L’ultima tecnica individuabile, spesso coesistente con altre già viste, è la rielaborazione della fonte. Un simile atteggiamento può per certi vesti destare stupore, trattandosi di modifiche talvolta consistenti rispetto al testo sacro. Si prenda a titolo di esempio l’introito domenicale della seconda settimana di Avvento, Populus Sion, il cui testo originario è tolto da Is. 30, 19-20:
Populus Sion , Introito domenicale della seconda settimana di Avvento
Se per economia di spazio si è omessa la trascrizione integrale del passo originario, la porzione di testo presentata è sufficiente a rendere conto del lavoro operato. La modifica stupisce soprattutto considerando che il passo originario invoca la vendetta divina contro l’Assiria in protezione di Israele, ma nel testo cantato i cambiamenti sono tali da indurre a una modifica radicale del significato. L’omissione di qualsiasi riferimento alla vendetta divina e l’inserimento di ad salvandas gentes indirizza il testo verso un messaggio di salvazione, rafforzato dall’ecumenismo di ad gentes. Al di là della vistosa virata nell’orientamento esegetico del testo, una scelta simile si spiega anche tramite una visione di insieme, rendendo opportuno il richiamo alla necessità prima accennata di accostarsi a ogni singolo canto considerandone non solo la collocazione nel giorno, ma nel Tempo: Popolus Sion è infatti l’antifona di introito della seconda domenica di avvento, e si configura quale complemento dei canti della domenica precedente, i cui testi rivolgevano a Dio a partire dagli universi qui te expectant, tutti coloro che attendono la sua venuta.

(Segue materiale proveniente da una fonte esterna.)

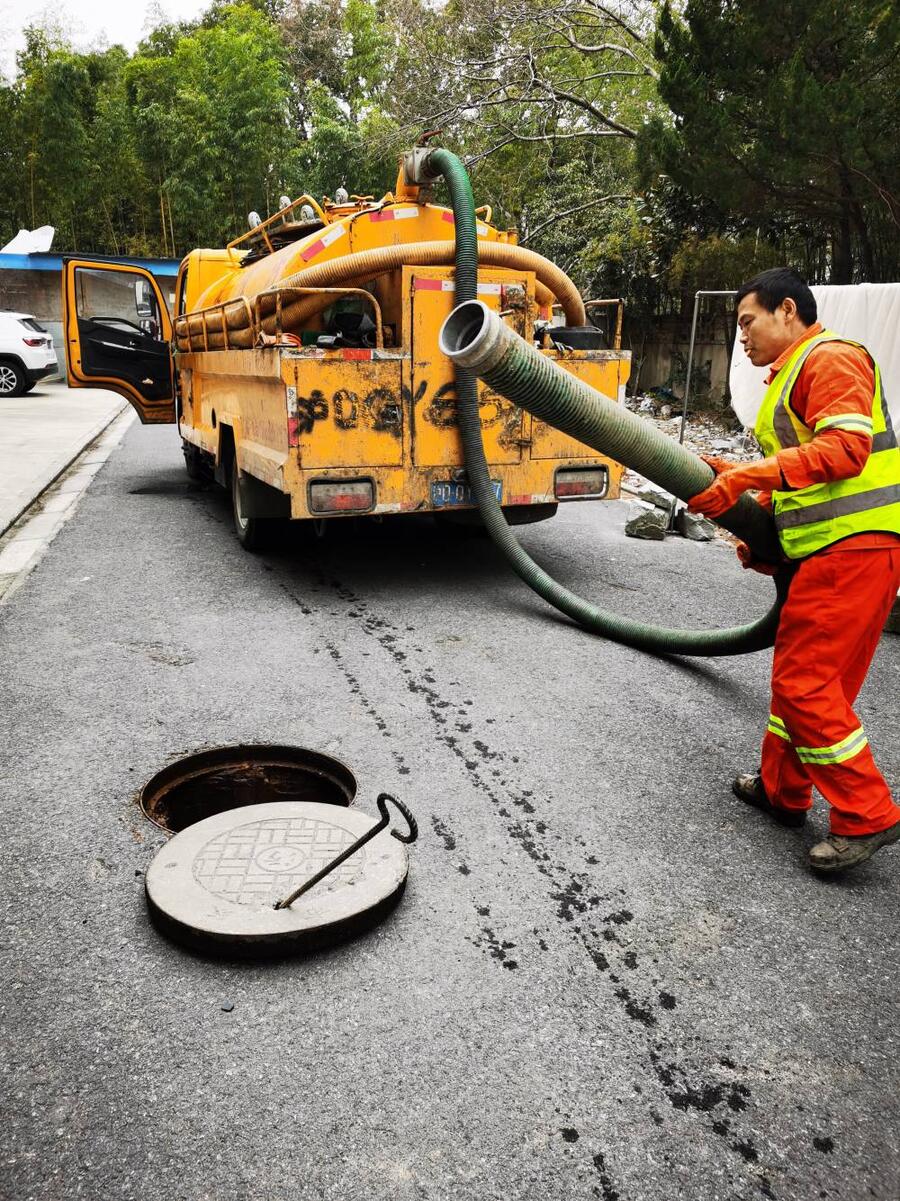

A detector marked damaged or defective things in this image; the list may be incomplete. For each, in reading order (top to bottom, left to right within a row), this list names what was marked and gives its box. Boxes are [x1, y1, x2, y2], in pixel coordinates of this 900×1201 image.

broken concrete block [624, 509, 668, 542]
broken concrete block [677, 509, 711, 542]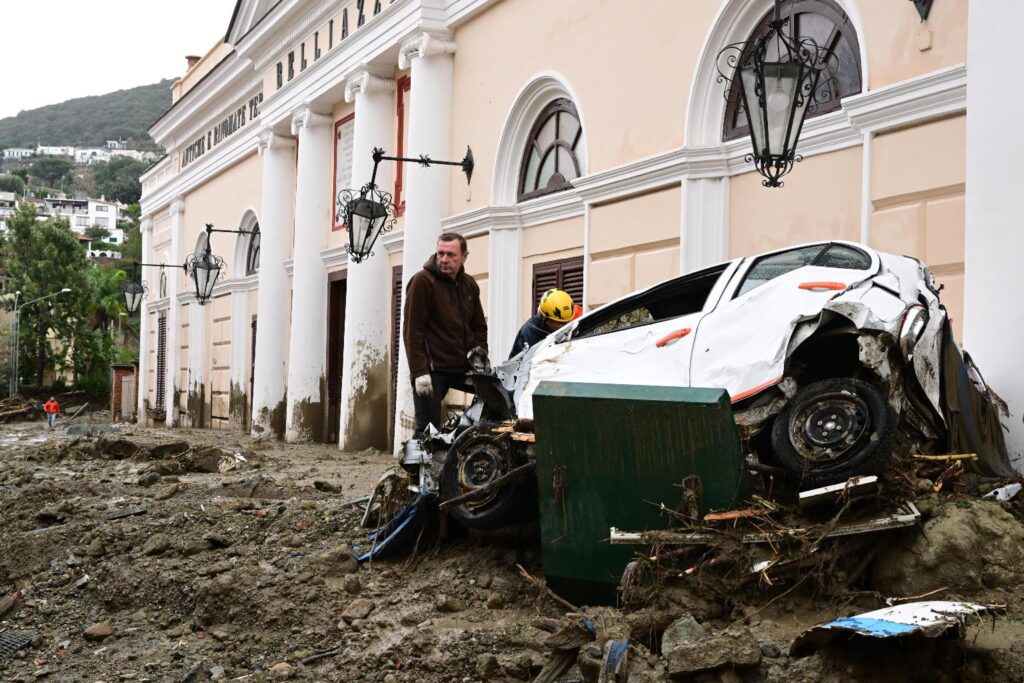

L’osservazione degli esempi proposti rende evidente, in conclusione, come nel canto gregoriano i meccanismi di selezione e le tecniche di elaborazione testuale delle fonti siano già a tutti gli effetti un atto del processo compositivo e, ancor prima, del progetto esegetico complessivo degli anonimi estensori dei canti. Lo studio degli aspetti più strettamente musicali è dunque pienamente possibile solo a partire dalla completa comprensione dei procedimenti di selezione testuale adottati, senza la quale l’intendimento dei canti si rivelerebbe irrimediabilmente incompleto.